China, which stands as the second-largest economy globally, has been a key investor in South America. It has already granted tariff-free access to its vast consumer market to several countries, and an FTA with Mercosur is viewed as a major strategic gain. This potential agreement could exert influence on Paraguay, urging it to reconsider its diplomatic ties with Taiwan, which China considers part of its territory.
President Lacalle Pou’s advocacy for an FTA with China dates back to 2021, aiming to mirror the benefits enjoyed by countries like Chile, Costa Rica, Ecuador, and Peru. However, this move faces opposition from Mercosur members Argentina, Brazil, and Paraguay, who are inclined towards an FTA with Europe.

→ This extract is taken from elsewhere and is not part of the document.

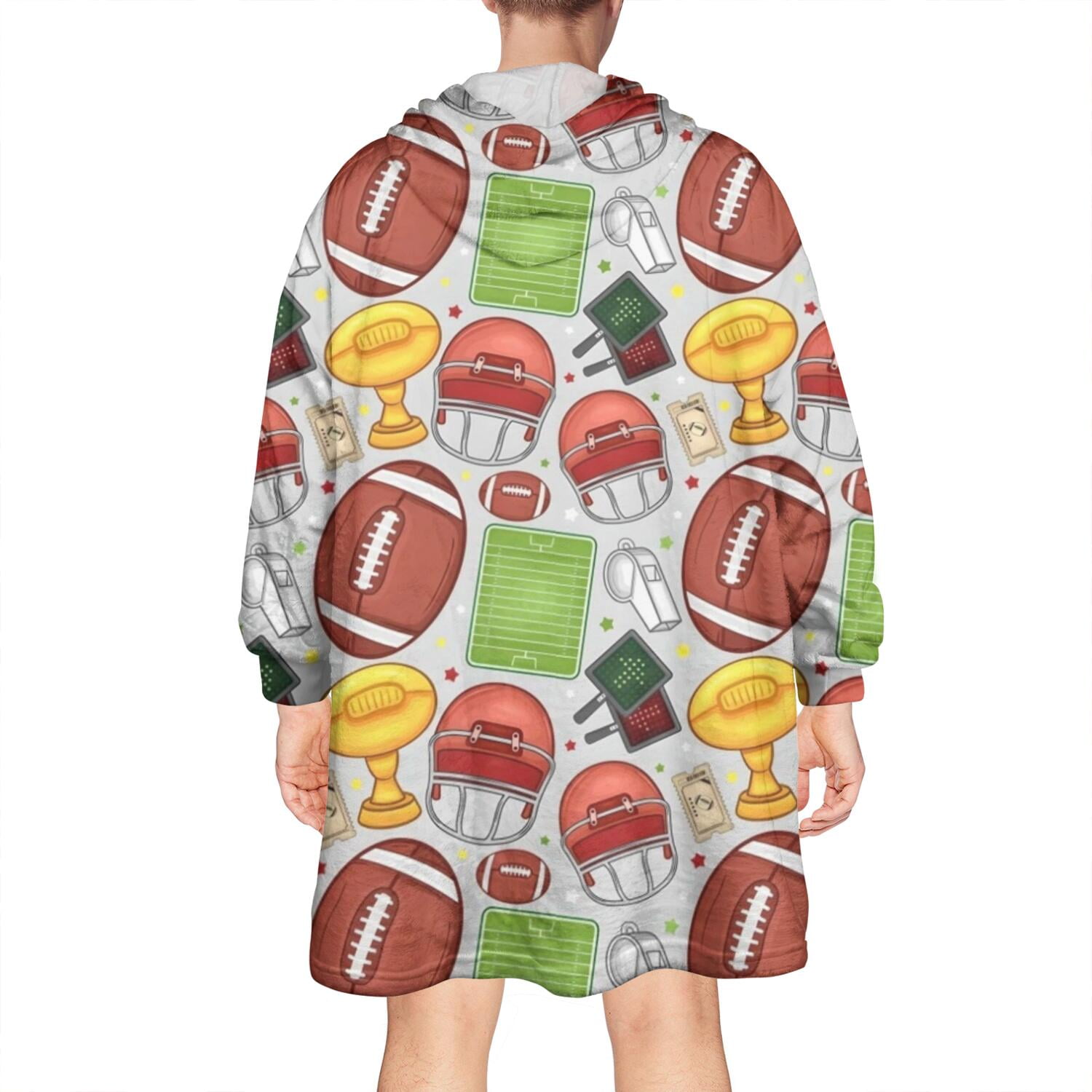 Gray Football Elements Pattern Wearable Oversized Blanket,Wearable Blanket Hoodie for Adults,Cozy Hooded Blankets with Super Pockets,Super Warm Fuzzy Pullover for Women & Men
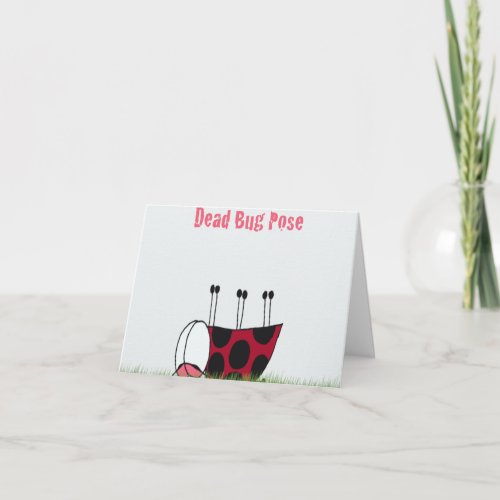 Funny Ladybug Dead Bug Yoga Pose Card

Reinforcing its commitment, Uruguay has declared its dedication to fostering close ties with China and actively participating in the Belt and Road Initiative (BRI). This commitment was further cemented as China and Uruguay recently elevated their relationship to a “comprehensive strategic partnership,” putting Uruguay on par with Argentina and Brazil in terms of its ties with Beijing.
This elevation in diplomatic relations adds a layer of complexity for Paraguay, a country heavily reliant on agriculture and without diplomatic relations with Beijing. China’s increasing presence in South American trade, underscored by Uruguay’s exports to China making up 27% of its total in 2022, highlights the shifting economic alliances in the region.
The development of these trade relations is not without its challenges. Last year, warnings were issued by Argentina, Brazil, and Paraguay regarding potential countermeasures should Uruguay proceed unilaterally with its China FTA plans. Furthermore, both Uruguay and China face considerable political obstacles in their efforts to join a major trans-pacific free trade pact.
Currently, Uruguayan beef, a significant export to China, faces a 12% tariff, in contrast to the lower tariffs paid by other major beef-exporting countries like Australia and New Zealand due to their existing FTAs with China. An FTA between Uruguay and China could potentially lead to a significant reduction in these tariffs, with a study suggesting a possible $150 million tariff reduction for Uruguay’s meat industry.
These unfolding events highlight the evolving nature of international trade relationships, with Uruguay at the forefront of navigating and shaping these complex dynamics.